Kids Losing Interest in Baseball

July 3, 2001 -- Once upon a time in America, children and baseball were inseparable companions. Major League ballplayers were their heroes, and it was awfully hard to drag a child away from a summer evening game to go to bed.

It was that way for almost a century. … Until the 1990s, and the emergence of "extreme" sports like skateboarding and mountain biking, newly popular sports like soccer — and the virtual sport of video games.

Over the last decade, the companies that make baseballs, bats and gloves have seen their sales plummet. A study by the Sporting Goods Manufacturers Association found that overall baseball participation dropped by 3 million players in the last 10 years.

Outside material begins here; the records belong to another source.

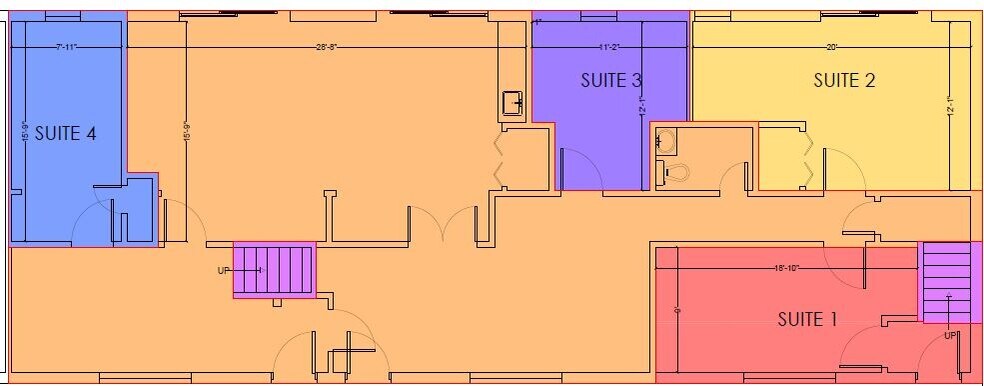 More Photos Of 4651 Roswell Rd NE, Atlanta Medical For Lease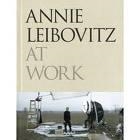 ANNIE LEIBOVITZ AT WORK | 9780224087575 | LEIBOVITZ, ANNIE | Librería Castillón - Comprar libros online Aragón, Barbastro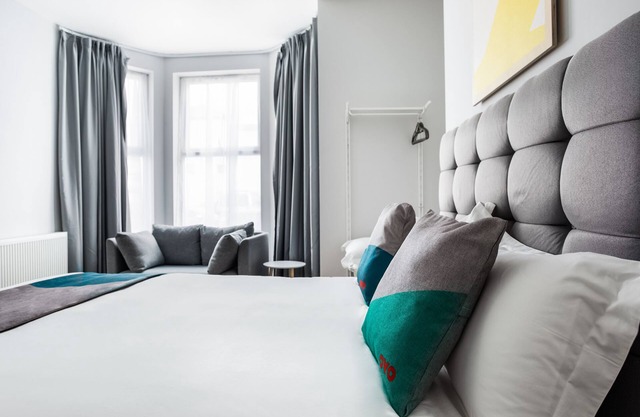 OYO Studiotel Great Yarmouth - Modern Hotel Apartments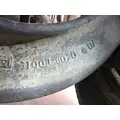 Meritor MFS-12 Axle Assembly, Front (unused) thumbnail 2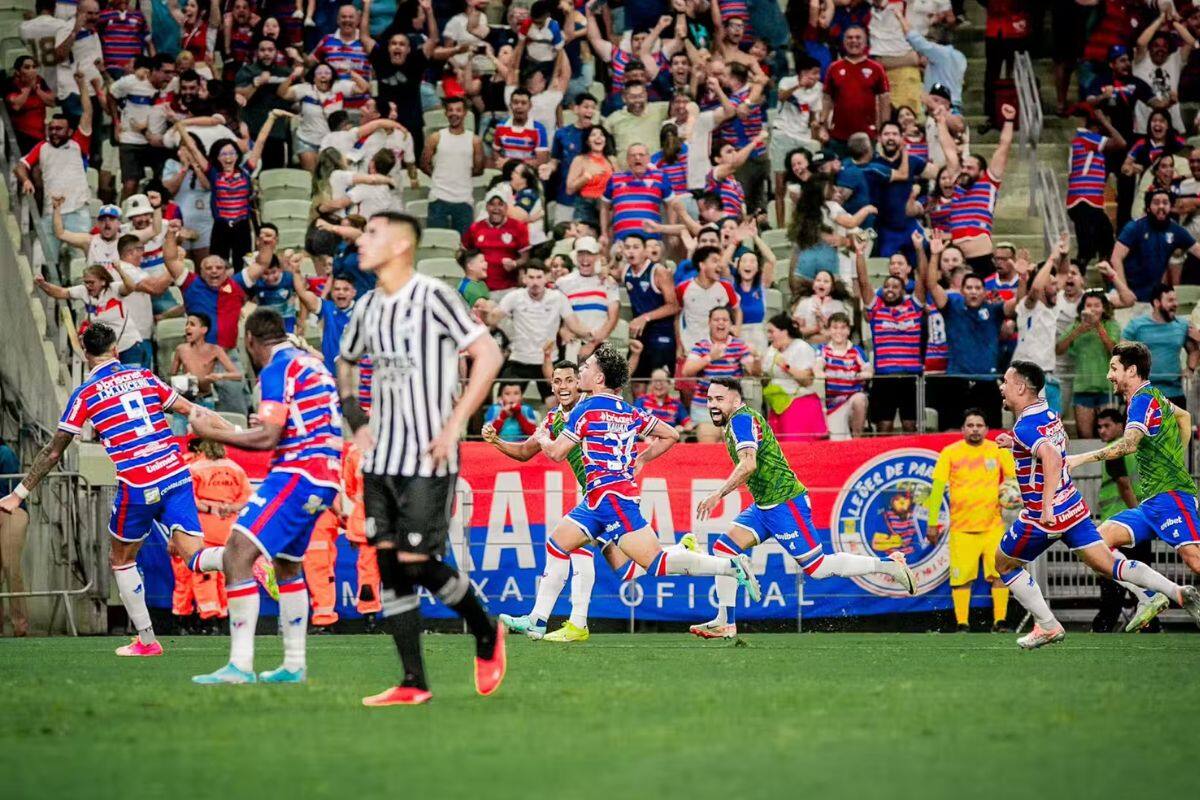 es un clásico imperdible y este año tendrá a un chileno como protagonista en el Brasileirao.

"We're losing the casual baseball player, the sandlot player," said Tom Cove, the association's vice president of government relations.

Although Little League numbers are at a record high and most baseball parks are busy, the association found an alarming 28 percent drop in children's interest in the sport since 1987.

Some critics say today's players often don't connect with children. In the last five years, the number of viewers under 18 who watched the World Series has fallen by 30 percent.

In a bid to encourage a younger crowd, Comerica Park in Detroit sometimes admits children under 14 for free.

But some of them are out of touch. One young visitor, Drew Grissom, was a little confused at a recent Detroit Tigers game.

"It's exciting when Babe Ruth's up and he's, like, hitting a home run," Grissom said.

Babe Ruth? The Babe played his last game in 1935.

Taking Action

Major League baseball is trying to get back in children's good graces. It has set up little leagues in inner cities.

President Bush — the first president to have played Little League as a child — is trying to help. Last month he held a highly publicized T-ball game on the White House lawn.

Promoters of the sport are also trying to make it faster, to keep pace with children's other diversions. Communities that can afford them are replacing child pitchers with pitching machines that speed the game up and give the kids more hits.